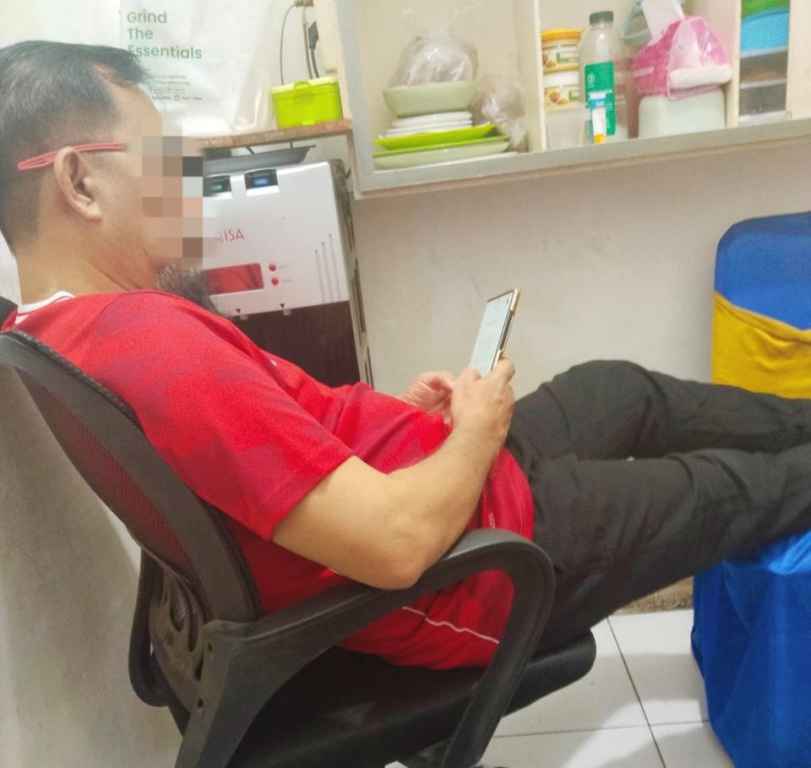 Napi korupsi, IS, terlihat asyik bermain HP di dalam Rutan Tanjung Gusta.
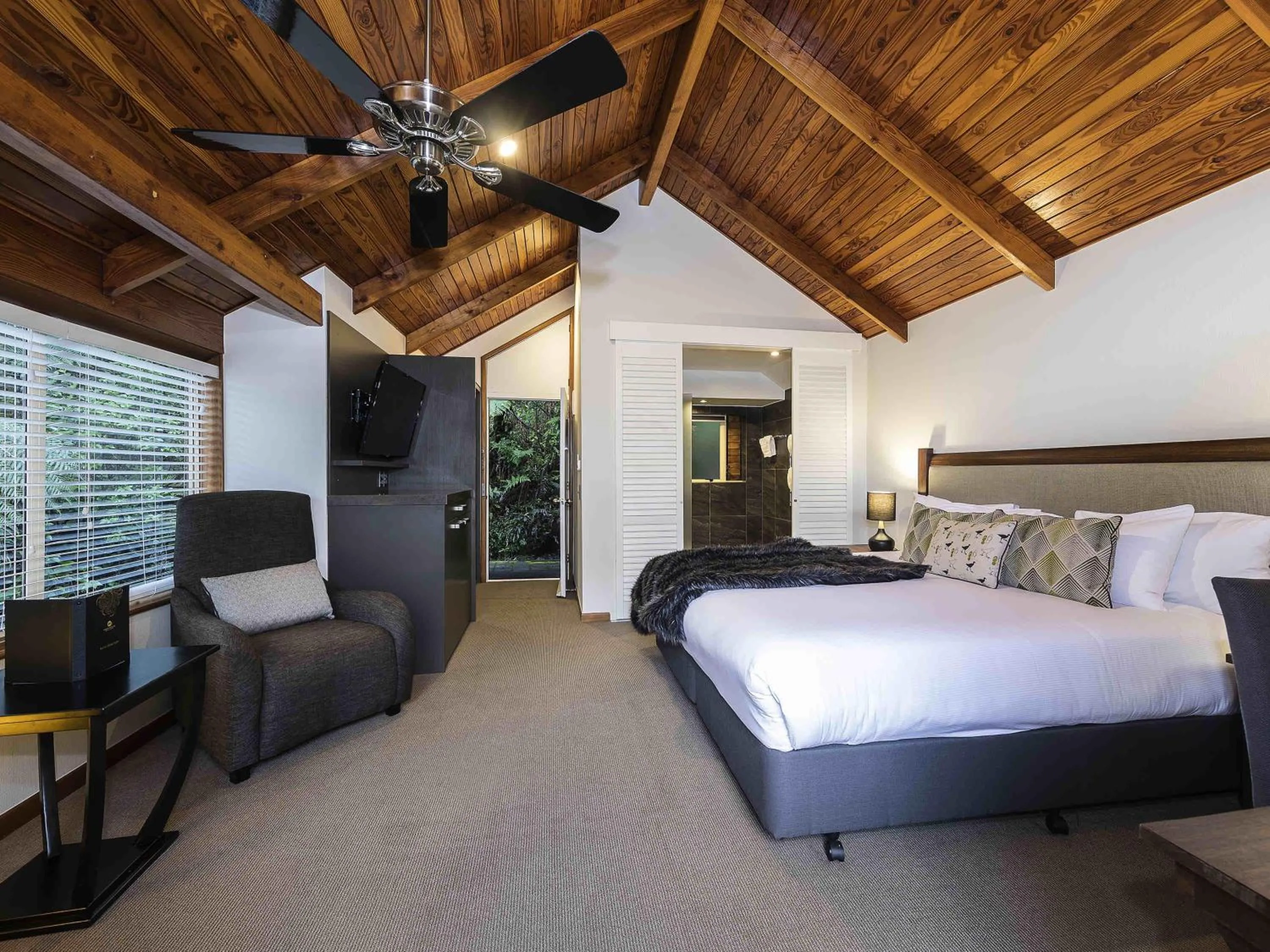 Bedroom, Bed in Grand Mercure Puka Park Resort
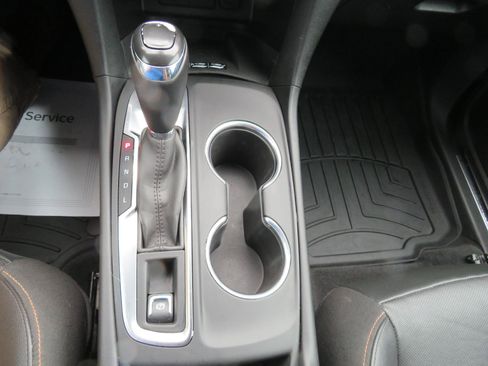 Used 2019 Chevrolet Equinox Premier AWD/4WD image 5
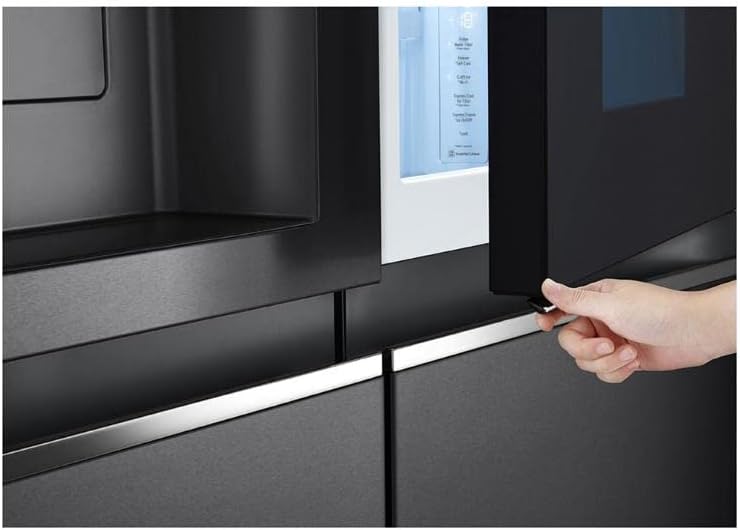 Mão abrindo porta de congelador inferior da geladeira LG com puxador embutido e design preto e inox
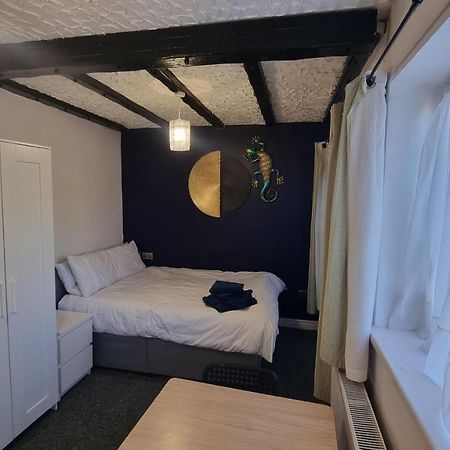En Suite Room With Kitchen Facilities นอตติงแฮม ภายนอก รูปภาพ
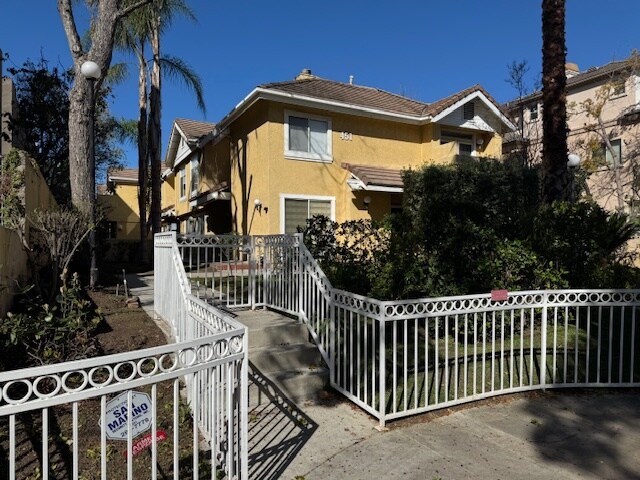 451 S Oakland Ave, Unit 8 in Pasadena, CA - Foto de edificio
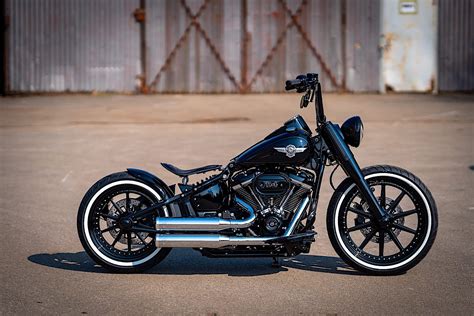 Harley Davidson Black Baron Is Heritage With A Naked Bottom Autoevolution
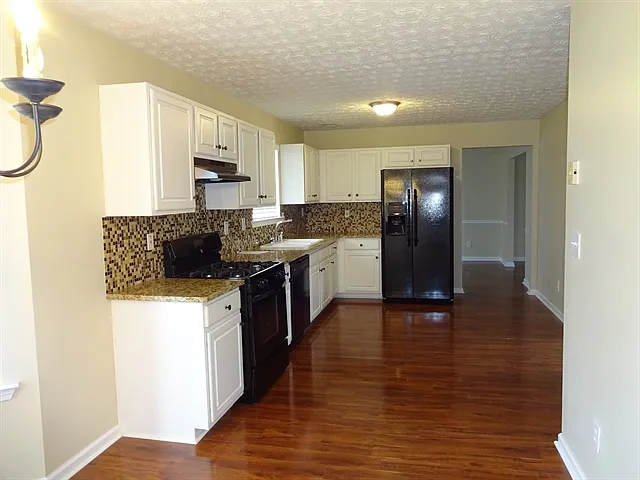 170 Labrea Blvd — Photo 2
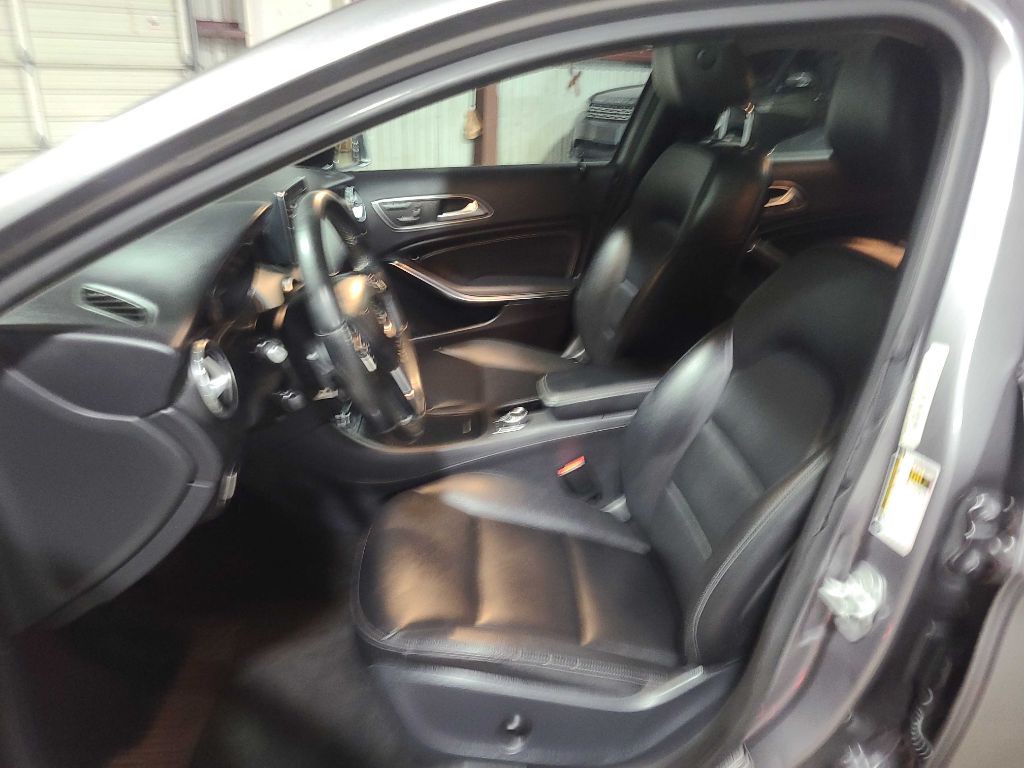 2015 Mercedes-Benz GLA-Class Image 23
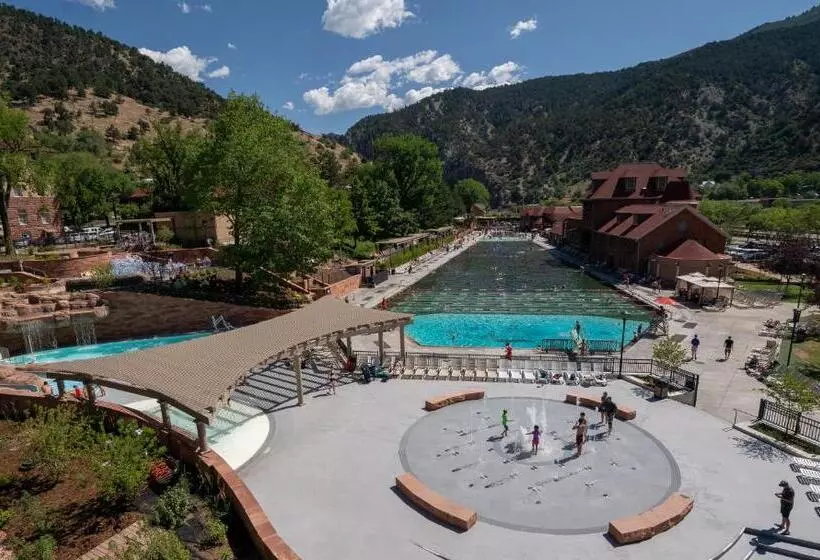 Отель Glenwood Hot Springs Resort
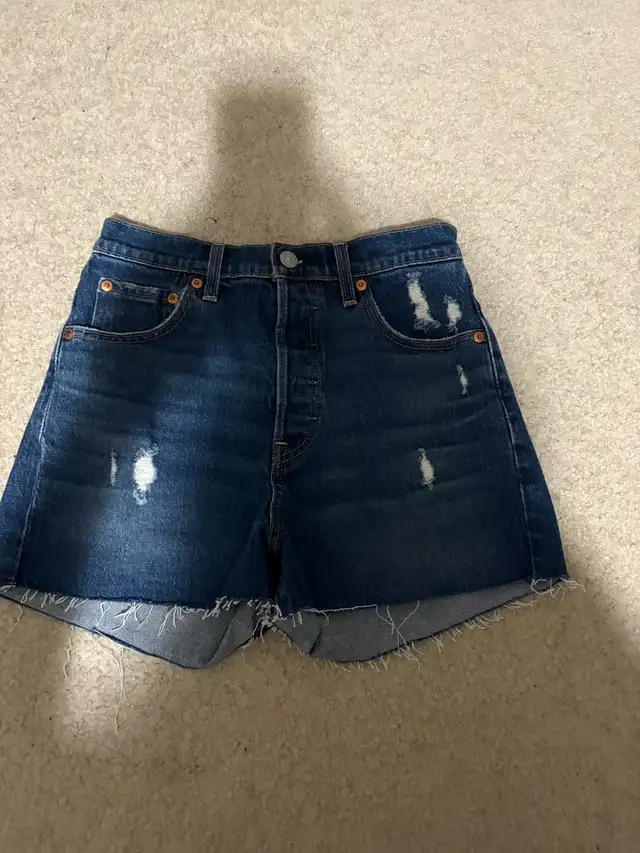 Levi's Denim Shorts in Women's - Bottoms in Hamilton - Image 2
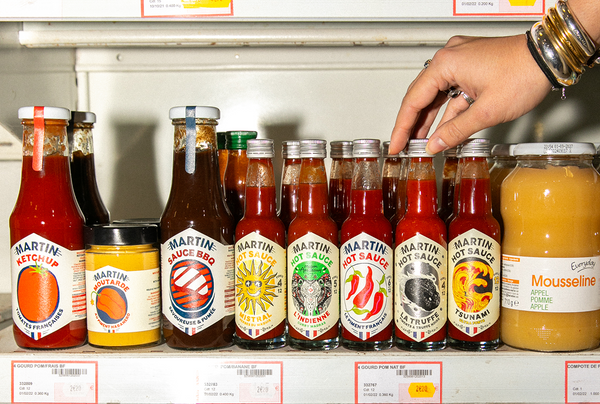 Plusieurs Sauces Martin sur une étagère de supermarché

> About this task:
Where pictures appear, omit them, and transcribe exactly, with nothing else, the lines from the line with "En Suite Room" through the final line of the records above, both ends included.

> Written response:
En Suite Room With Kitchen Facilities นอตติงแฮม ภายนอก รูปภาพ
 451 S Oakland Ave, Unit 8 in Pasadena, CA - Foto de edificio
 Harley Davidson Black Baron Is Heritage With A Naked Bottom Autoevolution
 170 Labrea Blvd — Photo 2
 2015 Mercedes-Benz GLA-Class Image 23
 Отель Glenwood Hot Springs Resort
 Levi's Denim Shorts in Women's - Bottoms in Hamilton - Image 2
 Plusieurs Sauces Martin sur une étagère de supermarché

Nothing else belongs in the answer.